If the bill is approved by parliament and becomes law, the FSA will start issuing licenses to cryptocurrency service providers from 2025 onwards. Existing license holders from the FIU will have a transition period and will be required to apply for FSA licensing by the end of that year. Estonian Finance Minister Mart Võrklaev has expressed confidence in the licensing process, emphasizing that reputable service providers will be able to obtain the necessary licenses from the Financial Supervisory Authority.
One notable aspect of the proposed legislation is the introduction of significantly higher fines for AML violations. While the current national law allows fines of up to 40,000 euros ($43,450), the new bill could see penalties rise as high as 5 million euros ($5.2 million). This substantial increase demonstrates Estonia’s commitment to fighting financial crimes and ensuring strict compliance with cryptocurrency regulations.
The bill aims to align Estonia with the European Union’s Markets in Crypto-Assets (MiCA) regulations, which seek to harmonize regulatory frameworks across member states. Additionally, the proposed legislation will modify the securities prospectus requirement, showcasing Estonia’s proactive approach to regulatory evolution in line with broader European directives.

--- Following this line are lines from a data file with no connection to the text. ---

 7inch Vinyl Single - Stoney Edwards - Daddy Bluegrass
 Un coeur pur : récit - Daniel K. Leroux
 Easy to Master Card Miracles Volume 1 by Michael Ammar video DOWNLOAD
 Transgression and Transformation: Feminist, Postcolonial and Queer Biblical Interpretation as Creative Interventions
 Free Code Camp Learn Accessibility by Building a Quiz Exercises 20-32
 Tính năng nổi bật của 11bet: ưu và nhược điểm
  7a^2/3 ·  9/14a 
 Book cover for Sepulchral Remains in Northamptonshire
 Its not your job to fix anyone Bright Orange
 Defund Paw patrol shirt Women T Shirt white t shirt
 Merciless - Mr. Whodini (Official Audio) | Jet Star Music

Estonia has been positioning itself as a crypto-friendly jurisdiction since 2017 when it enacted legislation to facilitate the establishment and operation of cryptocurrency companies, as well as streamline registration processes through e-residency. However, the country implemented stricter regulations in 2020 following a corruption scandal unrelated to crypto, signaling a shift towards a more cautious regulatory approach.

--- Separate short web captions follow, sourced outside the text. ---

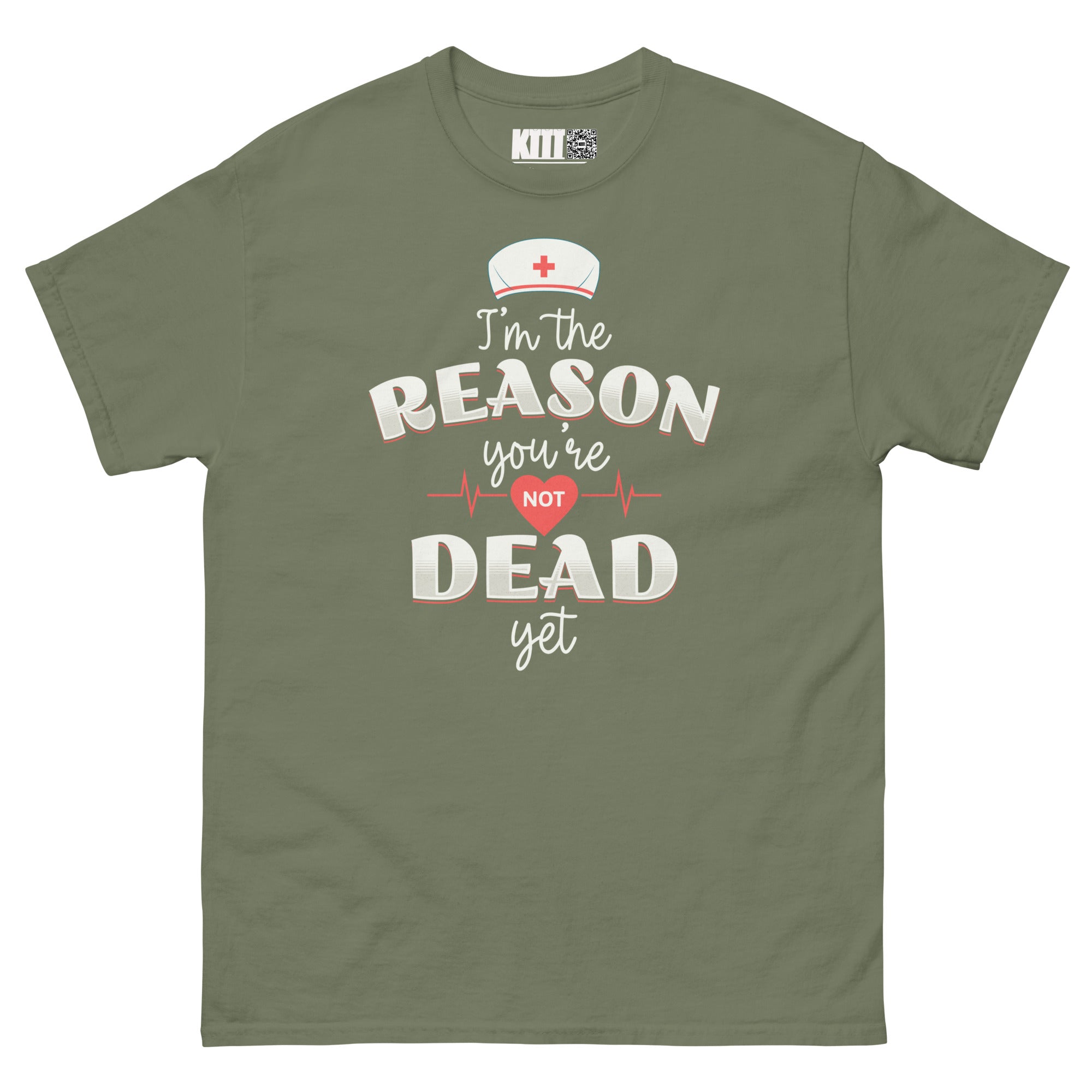 I’m the Reason You’re Not Dead Yet - Nurse Life Unisex Classic Tee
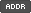 ADDR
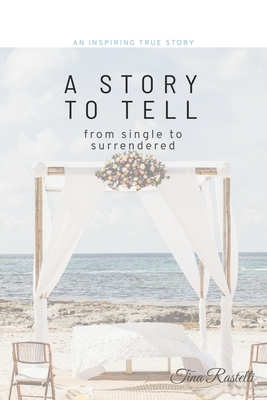 A Story to Tell - Tina Rastelli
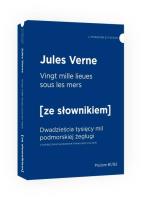 Vingt mille lieues sous les mers Dwadzieścia tysięcy mil podmorskiej żeglugi z podręcznym słowniki. Autor: Verne Jules. SmakLiter.pl Okładka książki Vingt mille lieues sous les mers Dwadzieścia tysięcy mil podmorskiej żeglugi z podręcznym słowniki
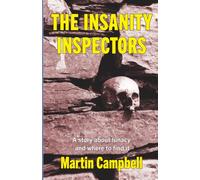The Insanity Inspectors: A story about lunacy and where to find it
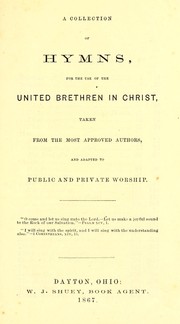 Cover of: A collection of hymns, for the use of the United Brethren in Christ: taken from the most approved authors, and adapted to public and private worship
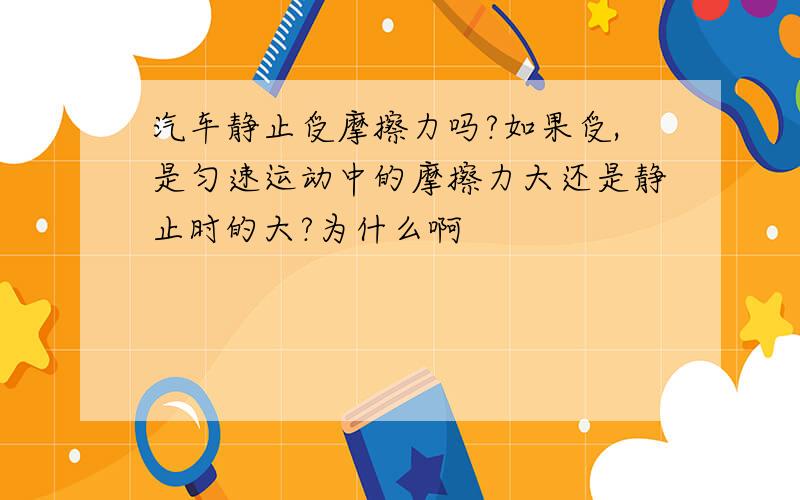 汽车静止受摩擦力吗?如果受,是匀速运动中的摩擦力大还是静止时的大?为什么啊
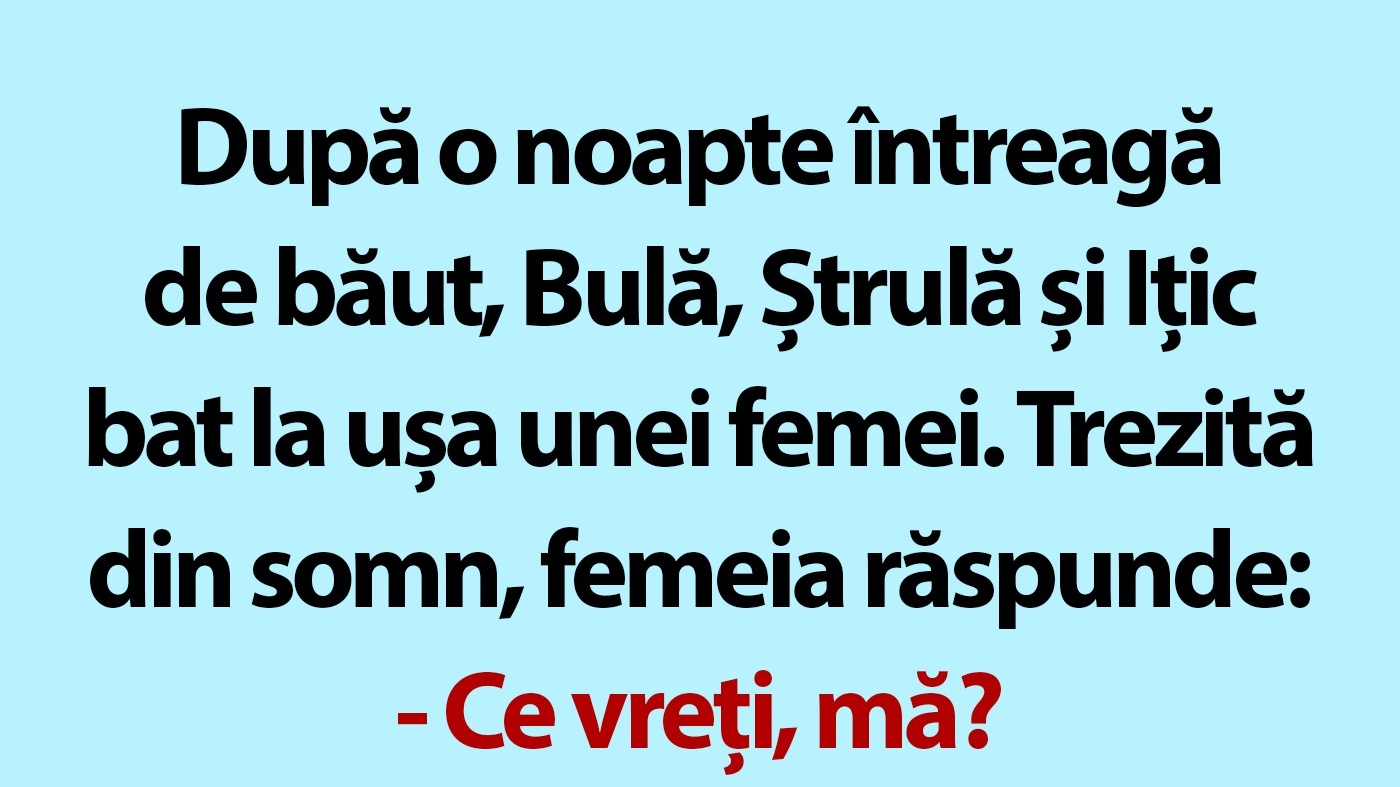 BANC | După o noapte întreagă de băut, Bulă, Ștrulă și Ițic bat la ușa unei femei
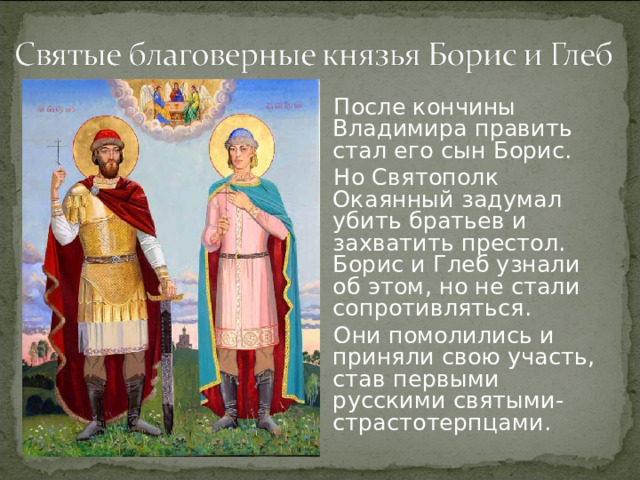 После кончины Владимира править стал его сын Борис. Но Святополк Окаянный задумал убить братьев и захватить престол. Борис и Глеб узнали об этом, но не стали сопротивляться. Они помолились и приняли свою участь, став первыми русскими святыми-страстотерпцами.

As Estonia moves towards implementing comprehensive regulation for cryptocurrency service providers, industry stakeholders eagerly await the outcome of the upcoming parliamentary vote. With the potential for higher penalties and closer supervision by the Financial Supervision Authority, the proposed legislation highlights Estonia’s commitment to fostering a strong and compliant cryptocurrency ecosystem while aligning with evolving European regulatory standards.